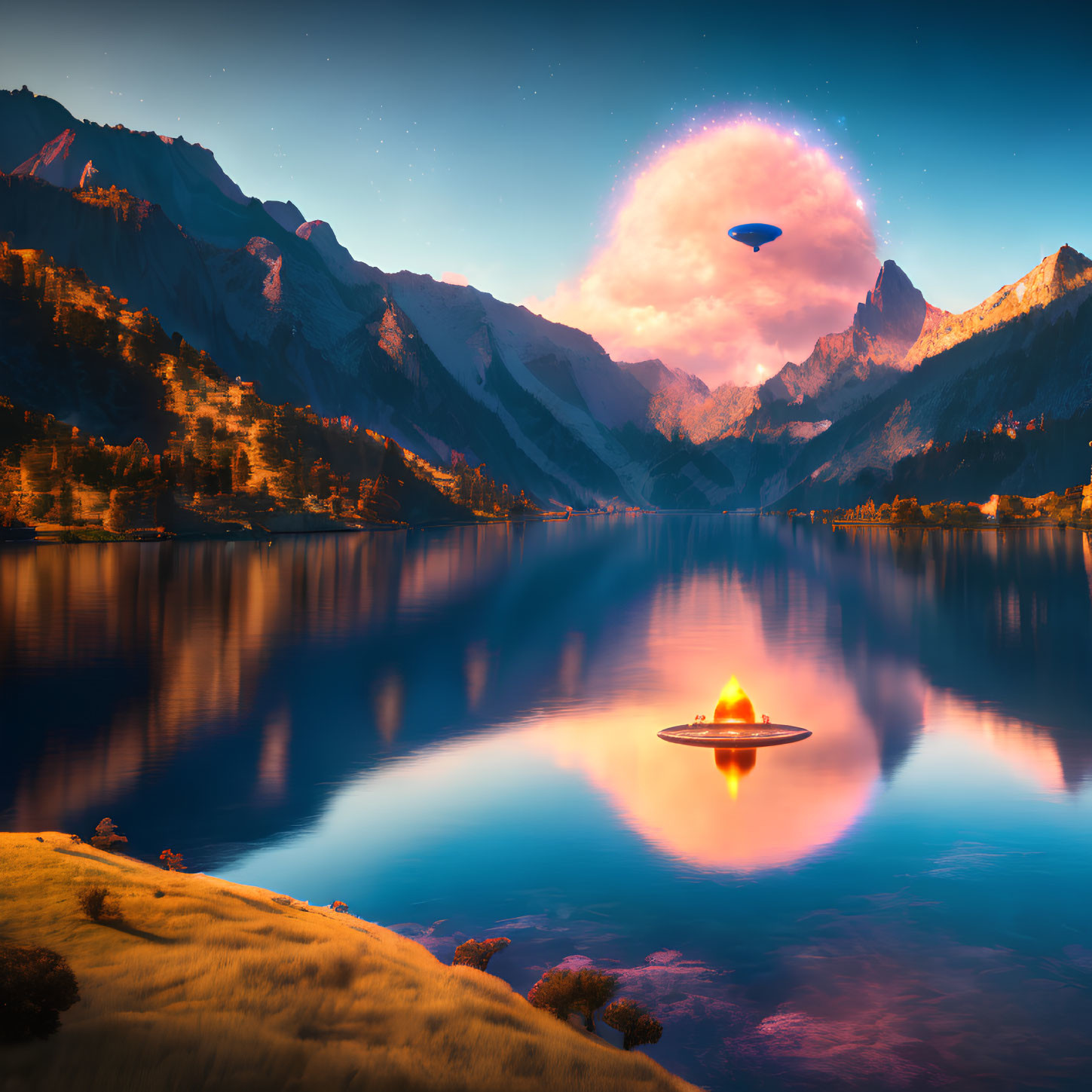 Mountain lake at dusk with futuristic UFOs and glowing portal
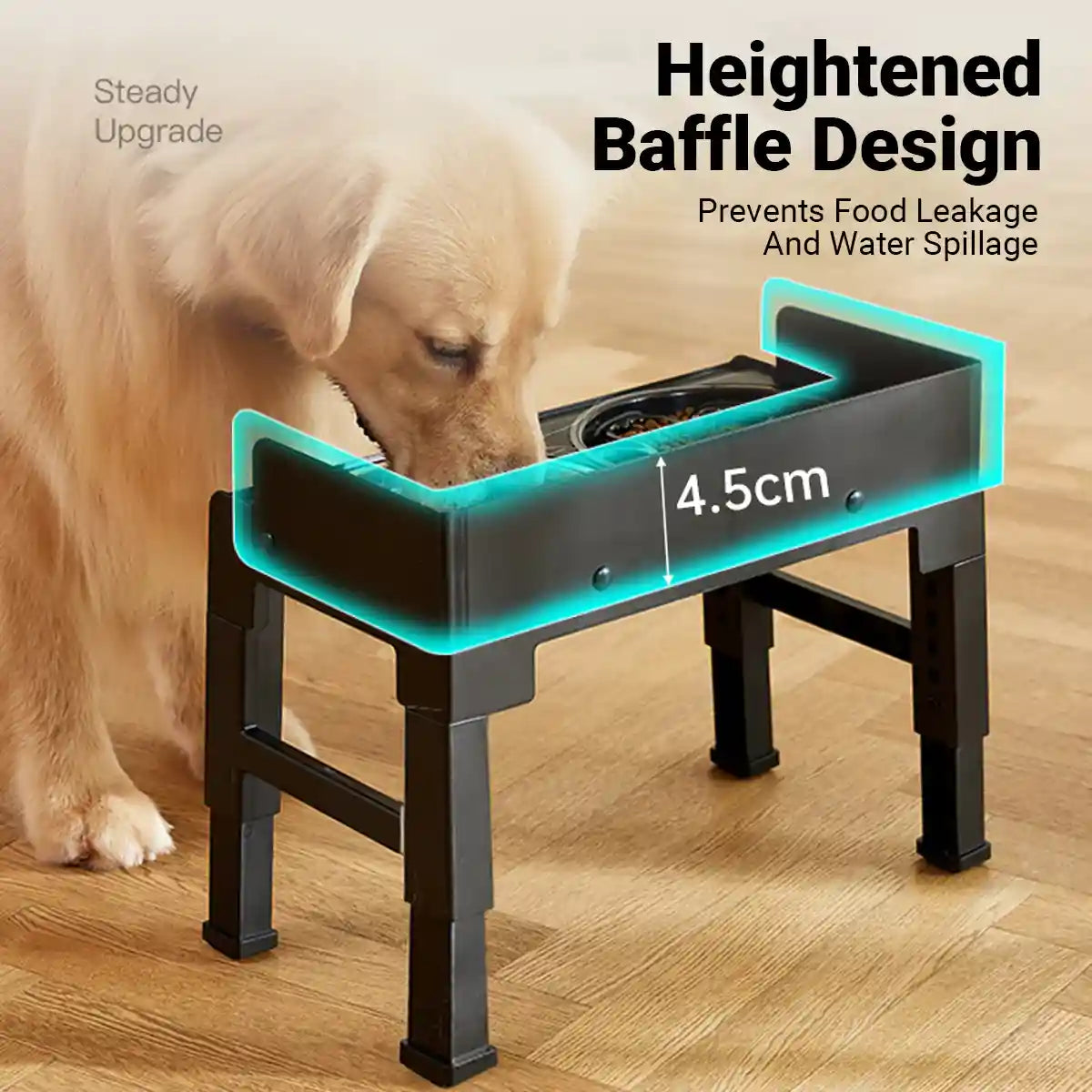 Adjustable Elevated Dog Bowl Stand With Non-Slip Base And Slow Feeder
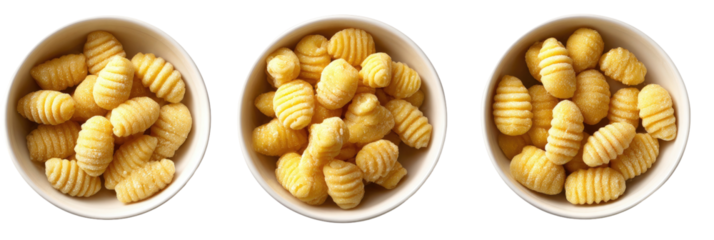 Three bowls filled with grooved, yellow, oval dumplings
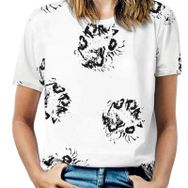 AILLOSA YH-181 Tamamı Baskılı Kısa Kollu Yuvarlak Yaka Kadın T-shirt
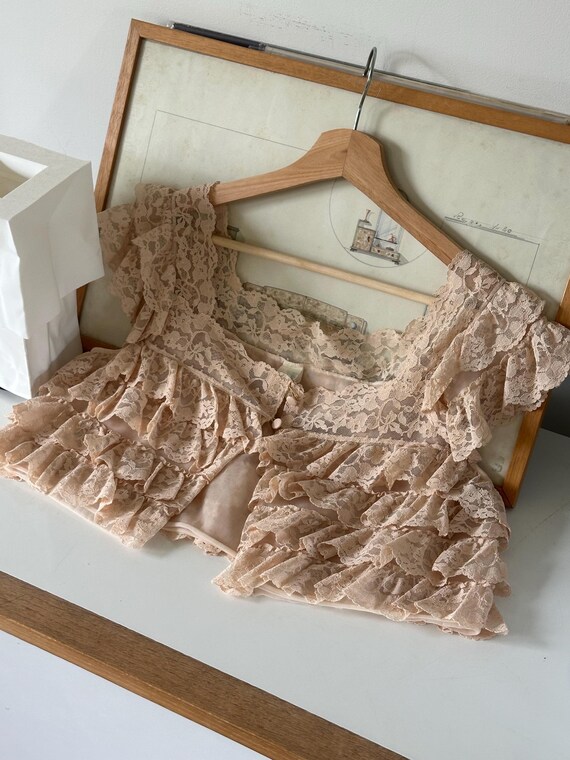 1960s Ruffled Lace Bolero• sm•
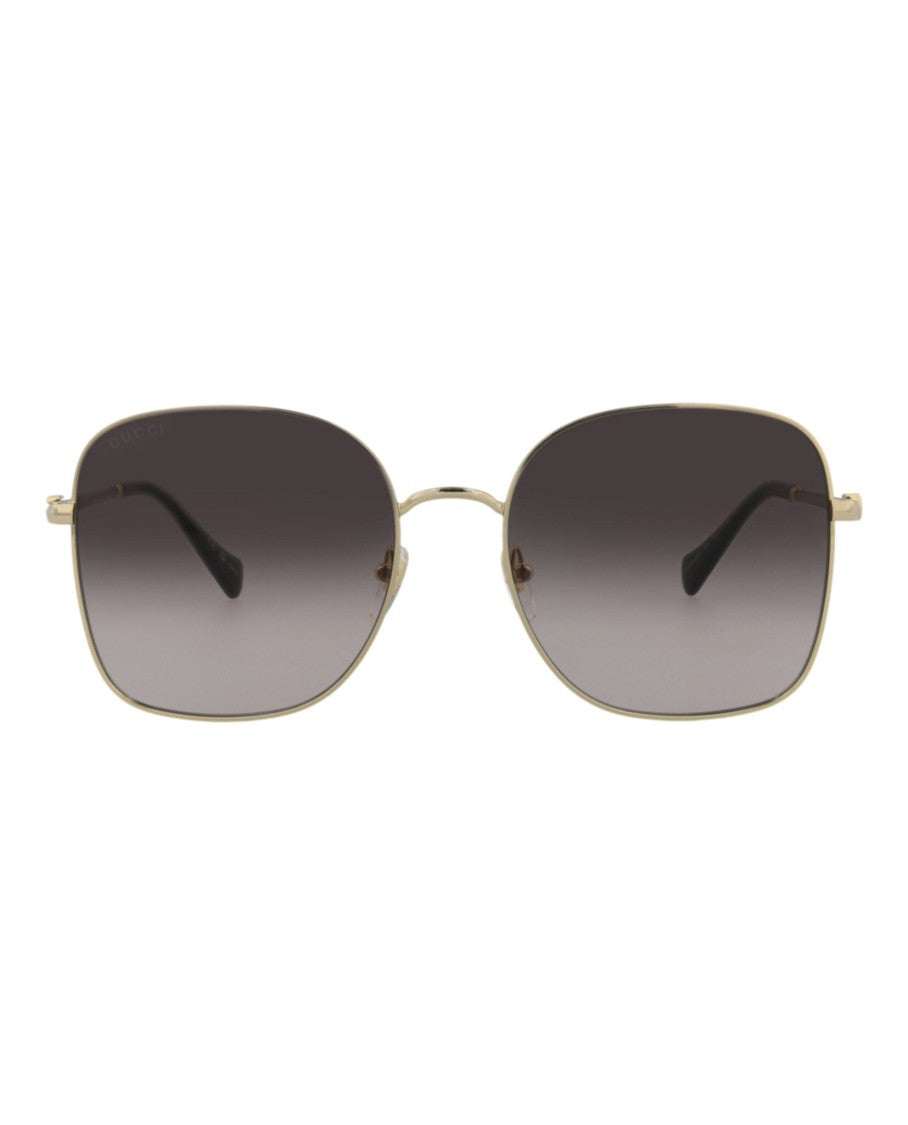 Gucci Square-Frame Metal Sunglasses With Gradient Tinted Lenses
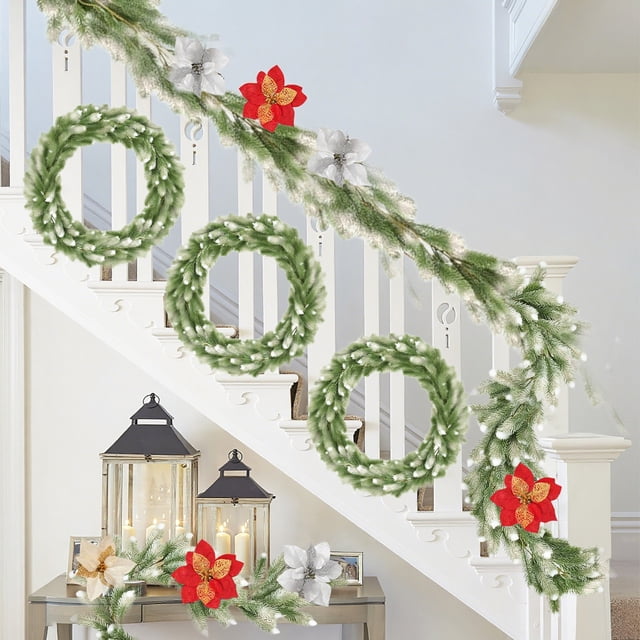 Guirnalda Navideña de Flores de Ratán con Follaje de Silicona Suave, Decoración Navideña para Repisas, Puertas y Escaleras, Decoración Navideña para Interiores y Exteriores.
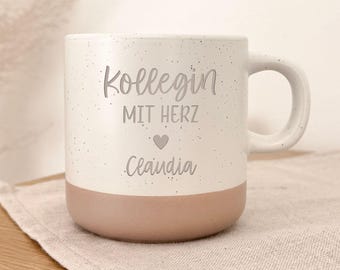 Personalized ceramic mug for a colleague with a heart design | Thank you gift, farewell gift for the team, office | Custom engraving, stoneware look | Coffee/Tea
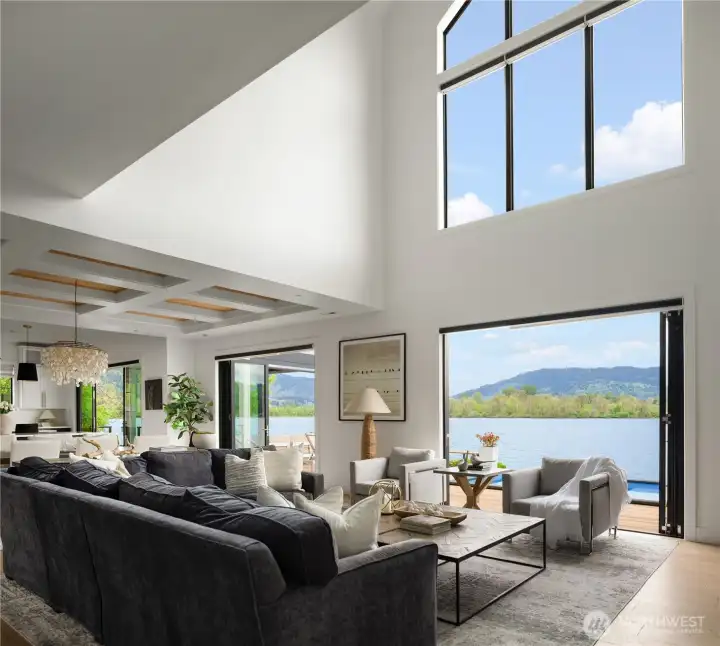 Smartly designed for al fresco living.  Dramatic views of the Issaquah Alps.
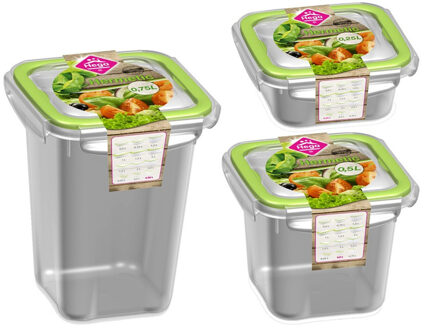 Hega hogar 3x Voedsel plastic bewaarbakjes 250ml, 500ml en 750ml transparant/groen - Vershoudbakjes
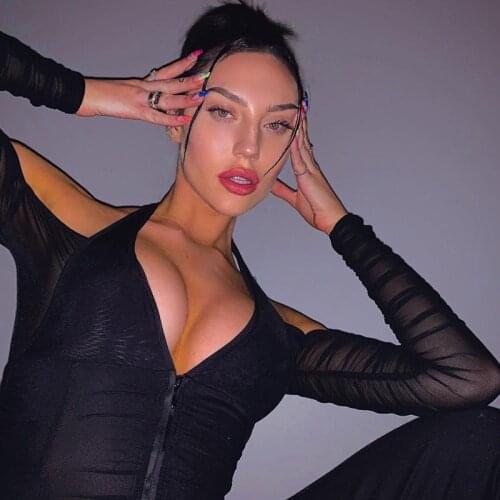 2021 Women Long Sleeve Mesh Patchwork Crop Top Sexy Halter V-Neck T-Shirt Club Party Night Black White Tops Tee Shirts Mujer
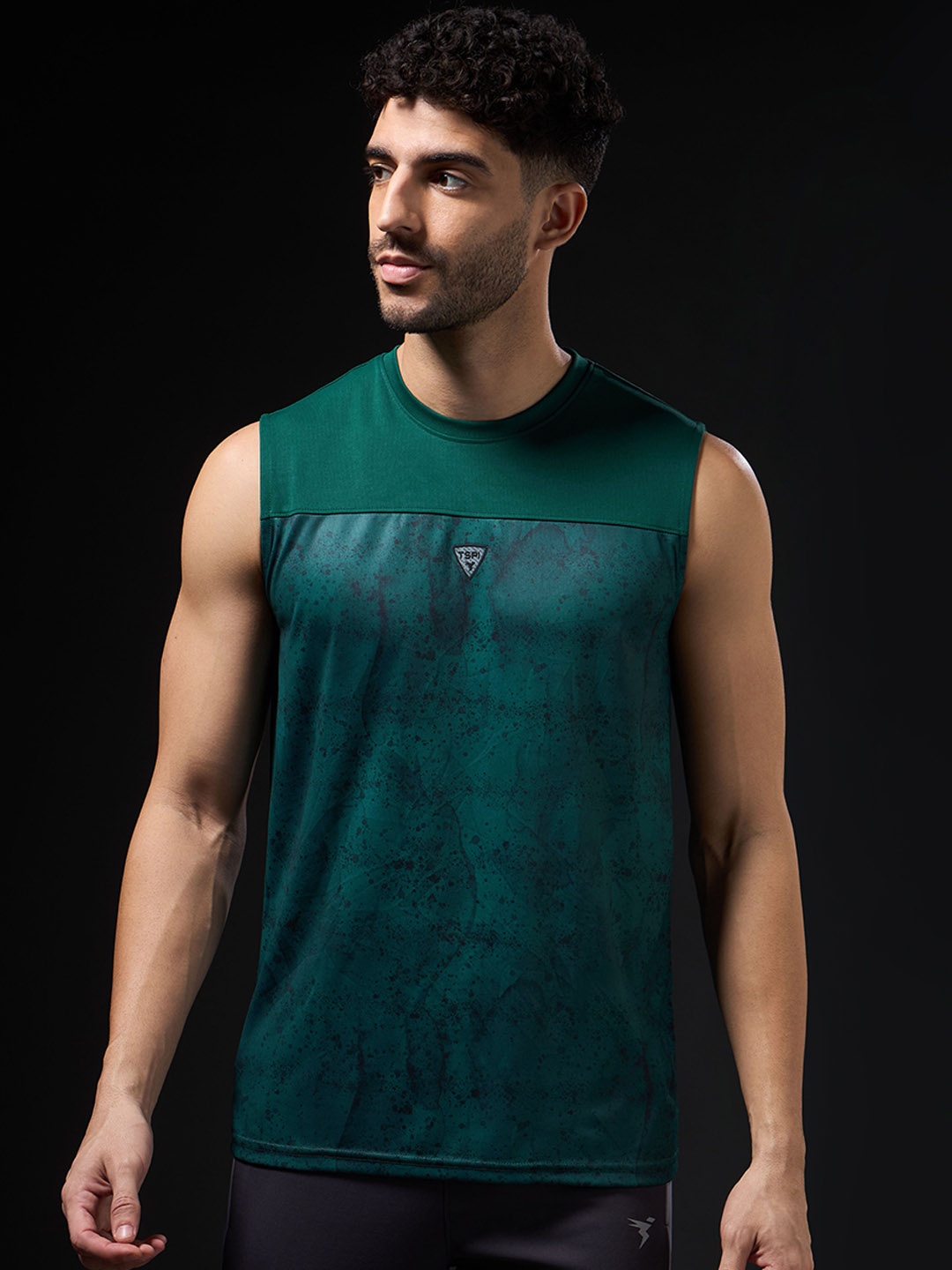 

Technosport Men Printed Slim-Fit Sports Innerwear Vests, Green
☆ ☆ ☆ ☆ ☆ ☆ ☆
Instructions for the task.
From the line containing "Adjustable Elevated Dog" through the line containing "Gucci Square-Frame Metal", copy every line above exactly, without pictures.

Output for this task.
 Adjustable Elevated Dog Bowl Stand With Non-Slip Base And Slow Feeder
 Three bowls filled with grooved, yellow, oval dumplings
 AILLOSA YH-181 Tamamı Baskılı Kısa Kollu Yuvarlak Yaka Kadın T-shirt
 1960s Ruffled Lace Bolero• sm•
 Gucci Square-Frame Metal Sunglasses With Gradient Tinted Lenses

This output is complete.